It is along this journey that some grieve, some heal and some find spiritual and physical renewal. And it is the sheet-metal sculptures discovered in the first days of this nearly 1.1 million-step journey that mark the beginning of a pilgrimage some take despite sometimes seemingly insurmountable odds.

And not unlike those sheet-metal touchstones along the historic el Camino de Santiago, the magnificent sheet-metal and rebar sculptures of Steven Mestyan Sr. are much more than beautiful works of art. They are part of his pilgrimage from the depths of profound grief, they are his expression of his love for his son, they are a path that has taken him beyond the bounds of earth and life and what seems impossible.

These are the touchstones keeping him connected to his son, Steven Mestyan Jr., who lost his life to a seizure on Friday, June 20, 2014. He was 24.

“Unfortunately, his passing forced me to do something with my mind and hands, to get myself out of the hole,” Mestyan said in an interview the day after Christmas. “It’s an everyday process when losing a child. He was a great kid. I worked in corrections and know what it’s like; this boy was something else.”

The love never ends, said Mestyan.

“You love them even more,” he said. “And what I’m doing is showing him I love him and showing the world I miss him.”

A son’s path

In the 2010 Emilio Estevez film “The Way,” Martin Sheen plays Tom, an American physician who travels to St. Jean Pied de Port, France, after his 20-something son was killed during a storm while walking the el Camino de Santiago. Once there, Tom decides to finish the 40-day journey for his son and leave handfuls of his son’s ashes along the way.

In real life, Mestyan, in a similar fashion, is honoring his son’s art and carrying on works his son is unable to complete.

“I’m doing this is in my son’s memory; he is my inspiration,” he said. “I feel I’d be doing him a disrespect if I didn’t do something with my gift; he can’t do things with his talent.”

To see Mestyan’s sculptures is to believe they are created by a long-seasoned sculptor with years of experience mastering the intricate details, movements and emotional expressions of a much larger than life spread-winged eagle, a running 11-foot-tall Bigfoot, an 800-pound moose.

Nonetheless, the way Mestyan explains it, he’s only been doing this a few years.

“Steven taught me how to weld. He said, ‘Oh, let me show you how, Dad,’ ” Mestyan said, adding that he originally bought a welder a few years ago to repair his Harley trailer. “I’m self-taught.”

But, looking into the emotionally captivating eyes of his recently installed Bigfoot structure, one wonders, “How?”

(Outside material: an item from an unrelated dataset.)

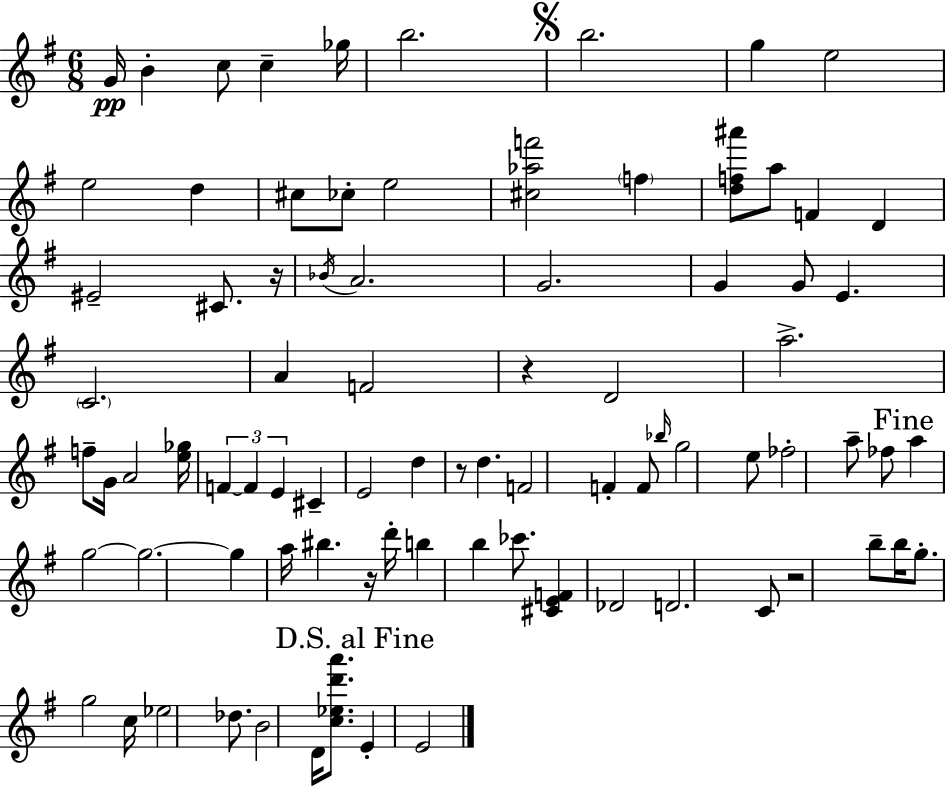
G4/s B4/q C5/e C5/q Gb5/s B5/h. B5/h. G5/q E5/h E5/h D5/q C#5/e CES5/e E5/h [C#5,Ab5,F6]/h F5/q [D5,F5,A#6]/e A5/e F4/q D4/q EIS4/h C#4/e. R/s Bb4/s A4/h. G4/h. G4/q G4/e E4/q. C4/h. A4/q F4/h R/q D4/h A5/h. F5/e G4/s A4/h [E5,Gb5]/s F4/q F4/q E4/q C#4/q E4/h D5/q R/e D5/q. F4/h F4/q F4/e Bb5/s G5/h E5/e FES5/h A5/e FES5/e A5/q G5/h G5/h. G5/q A5/s BIS5/q. R/s D6/s B5/q B5/q CES6/e. [C#4,E4,F4]/q Db4/h D4/h. C4/e R/h B5/e B5/s G5/e. G5/h C5/s Eb5/h Db5/e. B4/h D4/s [C5,Eb5,D6,A6]/e. E4/q E4/h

Mestyan said his love for his son is in these pieces, which have recently garnered national attention.

“There are times when I am out there (in his studio) and I’ll ask him, ‘Steven, what do you think we should do about this?’ ” he said. “I’m self-taught, but I am being taught. I feel his presence in the garage with me so strongly.”

A few years ago, the father and son began working together in a studio they created at Mestyan’s Hampton home, naming it Skelabar Studio. The name is a combination of rebar and skeleton, because rebar is the skeleton for the sculptures.

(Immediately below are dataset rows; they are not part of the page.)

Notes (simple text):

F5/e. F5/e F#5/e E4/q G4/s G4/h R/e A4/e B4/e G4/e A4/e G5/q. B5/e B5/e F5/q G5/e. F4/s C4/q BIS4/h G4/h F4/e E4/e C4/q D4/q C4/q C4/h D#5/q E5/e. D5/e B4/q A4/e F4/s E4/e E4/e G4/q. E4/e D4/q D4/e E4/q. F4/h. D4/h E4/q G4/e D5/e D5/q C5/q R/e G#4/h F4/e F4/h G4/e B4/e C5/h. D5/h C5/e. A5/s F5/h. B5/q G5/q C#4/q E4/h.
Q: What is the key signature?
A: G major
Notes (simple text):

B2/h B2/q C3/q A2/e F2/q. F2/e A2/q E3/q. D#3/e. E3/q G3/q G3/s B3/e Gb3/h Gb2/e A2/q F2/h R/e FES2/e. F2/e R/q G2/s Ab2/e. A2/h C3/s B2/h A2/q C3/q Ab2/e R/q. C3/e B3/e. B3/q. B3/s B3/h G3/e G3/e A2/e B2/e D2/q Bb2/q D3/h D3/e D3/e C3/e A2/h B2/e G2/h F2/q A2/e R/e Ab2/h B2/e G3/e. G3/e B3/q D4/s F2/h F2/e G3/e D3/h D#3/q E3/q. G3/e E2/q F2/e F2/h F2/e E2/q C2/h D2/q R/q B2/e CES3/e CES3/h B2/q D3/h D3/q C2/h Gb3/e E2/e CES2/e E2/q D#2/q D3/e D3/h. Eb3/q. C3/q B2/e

“From sketching to photography to carving marble, Steven was always trying something new,” he said. “We worked closely together. We had a lot of good times. It was not long enough. He said to me, ‘Dad you’ve got talent.’ And he’d get me out there.”

Steven Jr., a 2012 Castleton University graduate, showed his work in several group exhibitions and at the time of his death, his most recent sculpture and photography was in an exhibition at the “30 Under 30” show at Chaffee Art Center in Rutland, Vermont.

A metal core, metal hair

Mestyan’s first sculpture was a rebar dragon.

It wasn’t until later, in the development of his craft, that he began covering the rebar skeletons in sheet metal.

But seeing a piece of sheet metal and seeing the way he shapes and forms it into nearly living creatures is transformative.

One of his more recent creations, a 1,000-pound Bigfoot in a near full-run on the edge of Route 4, just outside the village of Whitehall on the Vermont side, has been getting lots of attention since its December unveiling.

What makes this Bigfoot so lifelike are the strips of finely and tediously cut metal for his hair.

“With electric shears, I cut longer, thinner, shorter pieces,” Mestyan said. “Then it was the placement of the strips. I reached my hand into a big bucket of strips and I would decide where to place it.”

And now that Bigfoot has settled into his new home at the edge of the village, his metal strips will weather into a rusted patina, much like the sculptures along the el Camino.

Mestyan developed his own formula, a combination of ingredients, including salt, that he sprays on the metal when completed to enhance the aging process.

Paul Thompson, the owner of Vermont Marble, Granite, Slate & Soapstone Co., who commissioned the sculpture to sit outside his business, said, “People have been pulling over and stopping to get a better look. I was going to get an 8-by-4 piece of plywood and make a silhouette of Bigfoot.”

But before Thompson had time to create his own Bigfoot, Mestyan approached him.

“He said, ‘I’ll make it the way you want it,’ ” Thompson said, adding that Mestyan said Thompson did not have to buy it if he did not like the finished creation. “When I first saw it when he was building it in his garage, I put down a deposit on it.”

According to Mestyan, it is not about the money, though. He is compelled to keep making the sculptures.

“For me, it’s priceless. How can I put a price on this?” he said.

A sculpture of a motorcycle with a coffin and skeleton, “The Grim Reaper,” was created in the depths of grief, he said.

Mestyan also created the Bigfoot sculpture at the Skene Valley Country Club in Whitehall.

The nearly finished Moose, which took about four to five 4-by-8-foot sheets of metal, will soon find a home at the Pine Grove Diner in Granville.

After Moose, he’s not sure what’s next. Maybe a knight riding a horse. Maybe a guardian angel, kneeling on one knee.

For now, he said he hopes people seeing the sculptures enjoy them.

He talks about Steven’s sharp wit and the way he could make people feel happy.

“I’m not very good at that; Steven touched so many people’s hearts,” Mestyan said. “So, if I could use my art to touch somebody the way Steven did personally, that would make me happy.”